To do >> The response should be an exact transcription of the data below, free of images.
━━ Information shown ━━
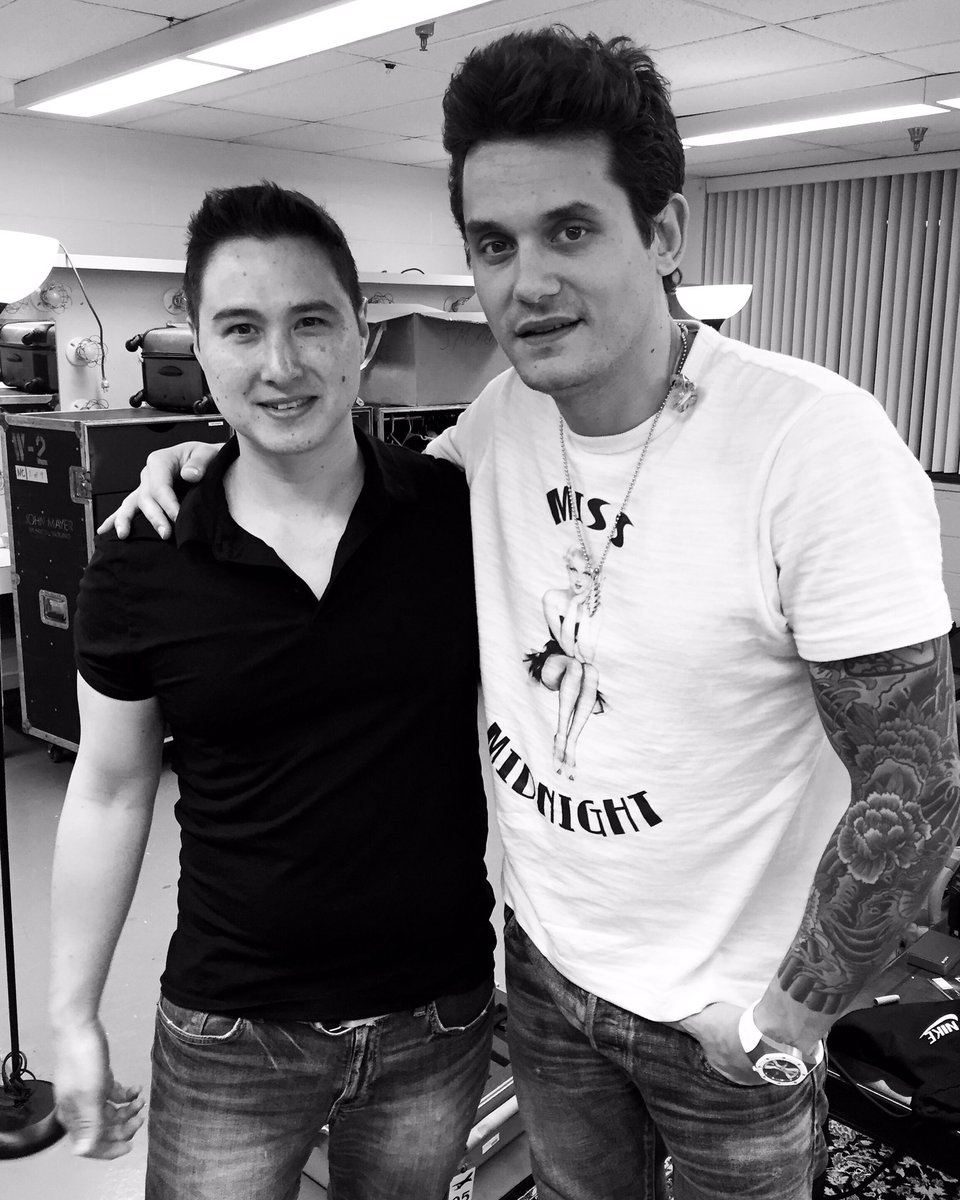 joebeleznay's tweet photo. old pic by social media standards (3 days) but @JohnMayer and I at @deadandcompany #saratogaperformingartscenter https://t.co/b8IhDDHRH2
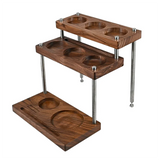 Coffee Dripper Stand Wooden Espresso Tamper Holder 3-Layer Solid Storage Rack Multi-Functional Coffee Tool Organizer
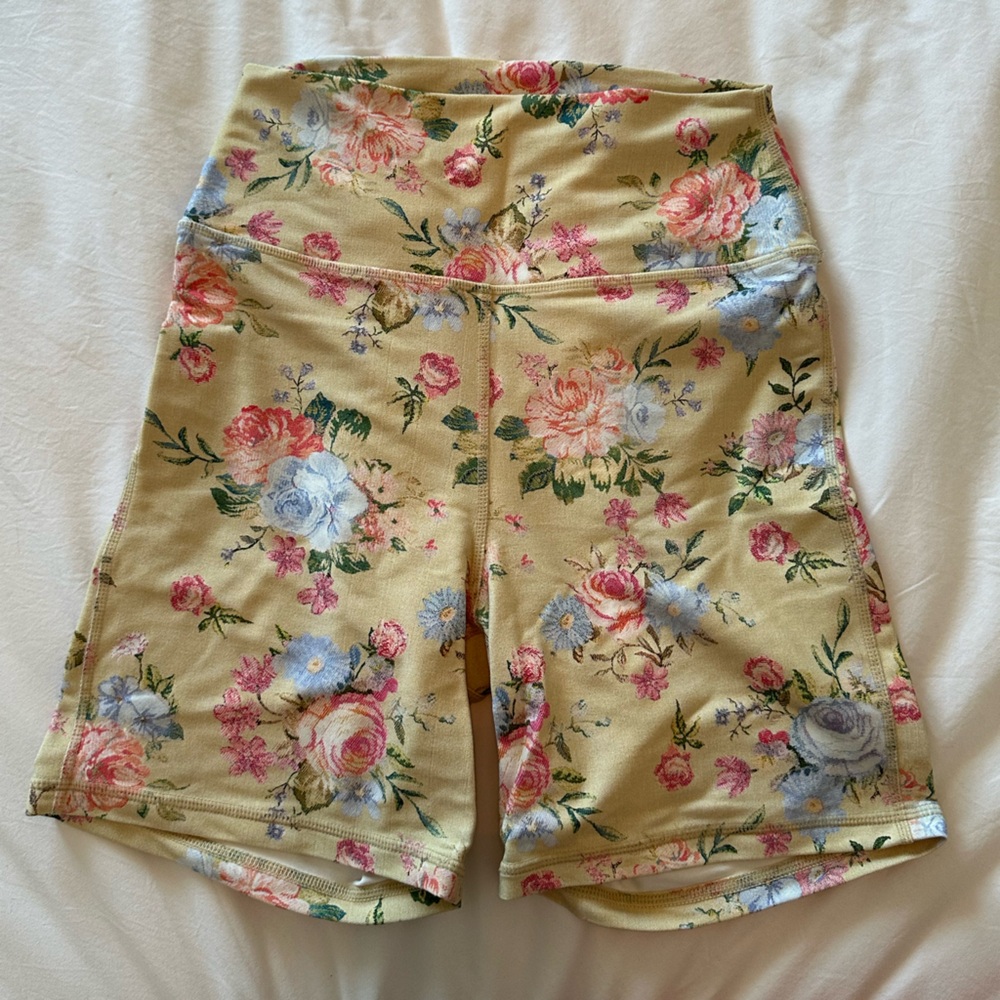 WeWoreWhat Floral Athletic Shorts - Yellow and Multicolor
━━━
Worked solution >>
 joebeleznay's tweet photo. old pic by social media standards (3 days) but @JohnMayer and I at @deadandcompany #saratogaperformingartscenter https://t.co/b8IhDDHRH2
 Coffee Dripper Stand Wooden Espresso Tamper Holder 3-Layer Solid Storage Rack Multi-Functional Coffee Tool Organizer
 WeWoreWhat Floral Athletic Shorts - Yellow and Multicolor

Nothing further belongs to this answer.